Tracking Gloria Allred from her earliest years to the current day, directors Roberta Grossman and Sophie Sartain offer an intimate picture of a woman of great passion in SEEING ALLRED. As a young single mother teaching in Los Angeles' Watts district, having been the victim of an assault herself, Allred returned to law school so that she could become an advocate. Using newsreel footage along with interviews with clients, peers, and notable legal minds, the directors draw an outline of their subject. Then, to fill it in, they focus on extensive conversations and singular events with Allred herself. She's seen beside a bevy of victims of sexual assault as they accuse celebrity predators, relentlessly fighting to remove statutes of limitations for victims, and literally holding up those who speak out despite their vulnerability. Aware of detractors who question her motives and her methods, Allred simply moves forward, exposing those with ugly secrets, championing the near-voiceless, and willing herself to make a difference.

Is it any good?

Controversial because of who she is and those she represents and opposes, Gloria Allred is a dynamic subject at a critical moment for a film about women's ongoing battle against historic injustices. Allred has a multitude of fans and just as many critics. Significantly, according to this movie, her clients and those for whom she has worked on a pro bono basis laud her contributions and her support. While not ignoring those who malign her as "pushy," or "in it for the money" or "the glory," the filmmakers attempt to give an in-depth picture of her place in the last half century of significant legal struggles. And, given the breadth of the influence she's wielded, their assessment is positive.

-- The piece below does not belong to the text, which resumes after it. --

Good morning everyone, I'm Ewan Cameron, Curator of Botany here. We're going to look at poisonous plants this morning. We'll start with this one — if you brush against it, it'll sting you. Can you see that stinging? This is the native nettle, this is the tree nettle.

Seeing Allred is well-structured, moving back and forth over decades to show how consistent this advocate has been, how prescient in some cases. Fighting a store chain for labeling sections of their stores "Toys for Boys" and "Toys for Girls" was laughed at in 1979, but would be imperative in the 21st century. A telling moment occurs when Allred is being verbally attacked by a heckler who is literally in her face. Though one can see that the lawyer is deeply affected by the assault, she stands her ground. A fitting documentary for a woman who is willing to defray the costs of being mocked in order to foster change.

Talk to your kids about ...

  • Families can talk about the various goals of filmmaking: to inform, entertain, or persuade. What's the primary purpose of Seeing Allred? Why is it important to understand the filmmakers' purpose?

  • The film covers more than 50 years in the history of women's legal issues. What has changed since Allred began her battle against injustice and discrimination? What hasn't changed? 

  • Directors Grossman and Sartain have incorporated many negative comments and opinions of Allred and her work, though overall it presents a positive picture. Do you think all together it's a balanced view? Why or why not? Where would you go to find out more about Gloria Allred?

  •  What character strengths does this documentary reinforce?